The last time I had been to 312 Grand Street, where my grandfather owned a furniture store, it was 1967 and I was four years old; my father carried me for fear that I’d slip through the store’s broken floorboards and into the black, Hieronymus Bosch-like Brooklyn abyss of centuries-old Gowanus slime. But I remember well the red-painted doorway, the long, narrow store warmed by a pot bellied stove, and my grandfather lounging on a kilim-covered chaise tucked behind a partition. He came home to Forest Hills only on Friday nights, and the rest of his days and evenings were spent here, at the current site of a bar packed with soused football fans. We parked across the street and walked into Mulholland’s, where dozens of young, testosterone-gushing men were screaming at flat screen televisions while drinking beer. I walked into the back of the bar where the partition had been, and where my grandfather spent his days. The pot-bellied stove was gone, but the tin ceiling was still there, and I closed my eyes and remembered him and the homing pigeons who lived in coops on the roof, and who thought he was their mother.
There’s a lot to be said about a community that was so gravely down on its heels for so many years–you couldn’t walk the streets in Williamsburg in the 1970s and most of the 80s–and that’s come back, while managing to retain some level of its former grittiness. The area has certainly has been the butt of hipster jokes over the years, and it’s true; there is virtually no one in the area under the age of 25. We had lunch at the Roebling Tea Room–a gigantic, baked apple pancake for Susan, and for me, a scoop of whitefish unaccountably sitting atop a white baguette–surrounded by lovely, young hipster people who take their food very, very seriously. There was not one cell phone ringing. Not an iPhone in sight. No one was talking into any electronic device of any kind or reading a Kindle. Everyone was concentrating on the food. And each other.
Before we left town, we drove over to Marlow & Sons, a small, much-heralded market specializing in responsibly-sourced, hand-cut meats, specialty packaged goods you’ll never find anywhere else, local-ish cheeses, cured meats from La Quercia, and chickens with heads and feet. The head butcher came out, and when I told him what I wanted–one pound of the bright red pork shoulder that was sitting in the meat case–he didn’t balk and tell me that a one pound chop would never be enough for two people; he took it out, sliced it lovingly for me, and then gave me the fat that he’d carved away from the meat so that I could make my own lard, should I be inclined to.
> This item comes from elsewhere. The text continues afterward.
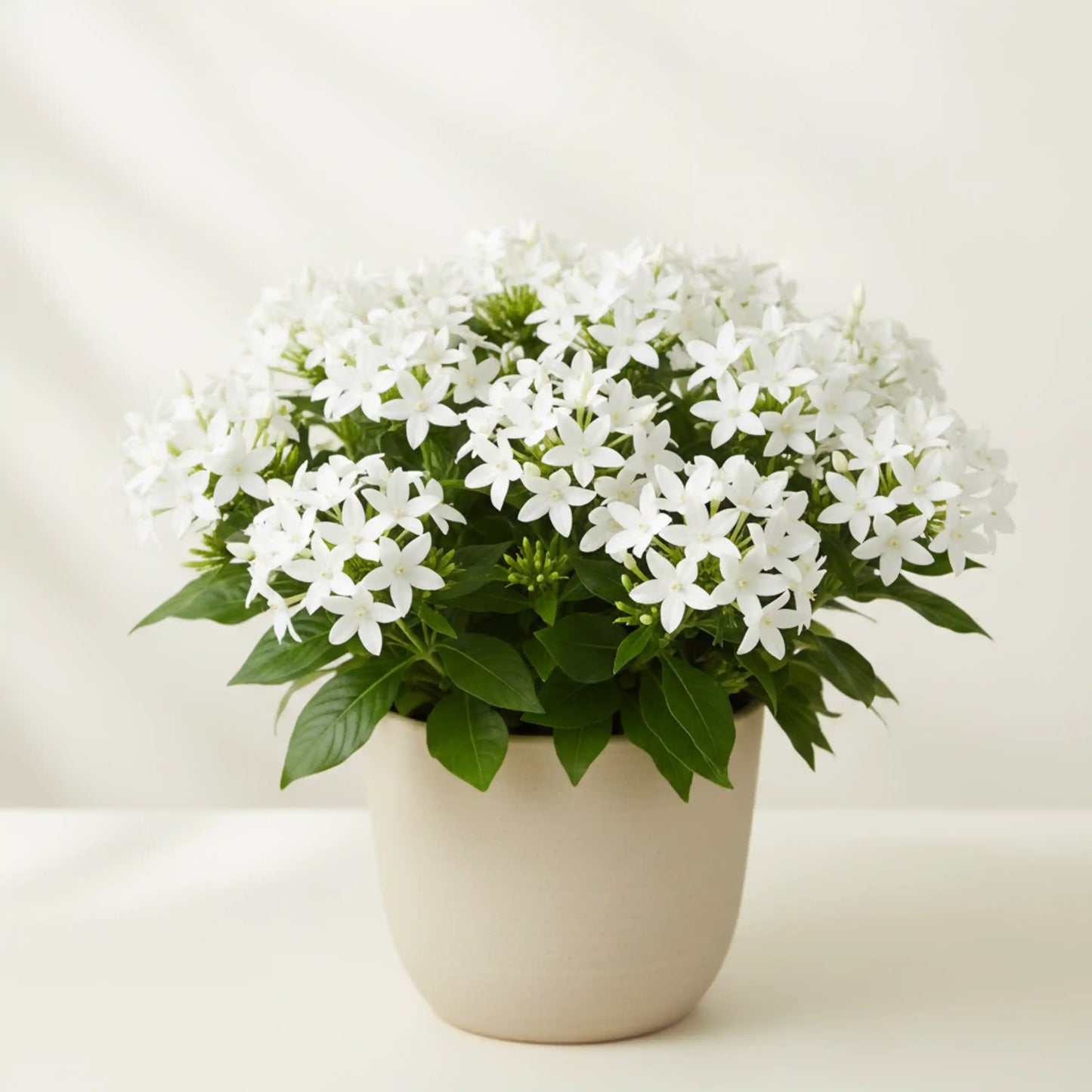 pentas-white-plant-pentas-lanceolata-white-star-flower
It was a work of art: the pork was the color of a ruby, which is the color that pork always was until industrial pork farming squeezed the flavor out of it like toothpaste out of a tube and turned it into The Other White Meat. We bought a half pound of La Quercia Speck Americano and a chunk of Pecorino Toscano. And then we went home, back across the Kosciusko Bridge that, when I was a child, used to mean that I was on my way to visit my grandparents in an outer borough that felt stuck in another century and that made me feel just a little bit nervous.
In this Brooklyn, I don’t feel nervous anymore.
Pork shoulder chop, from Marlow & Sons. Doesn’t look like supermarket pork, does it?
Sprinkle lightly with salt and pepper, and sear in a very lightly oiled cast iron pan while oven preheats to 325 degrees F.
Set pork down on sliced onions, and drizzle with half a cup of stock.
Cover, place in oven, and let braise for 35 minutes. This is the result.
Slice against the grain.
Top with onions, and serve with something green.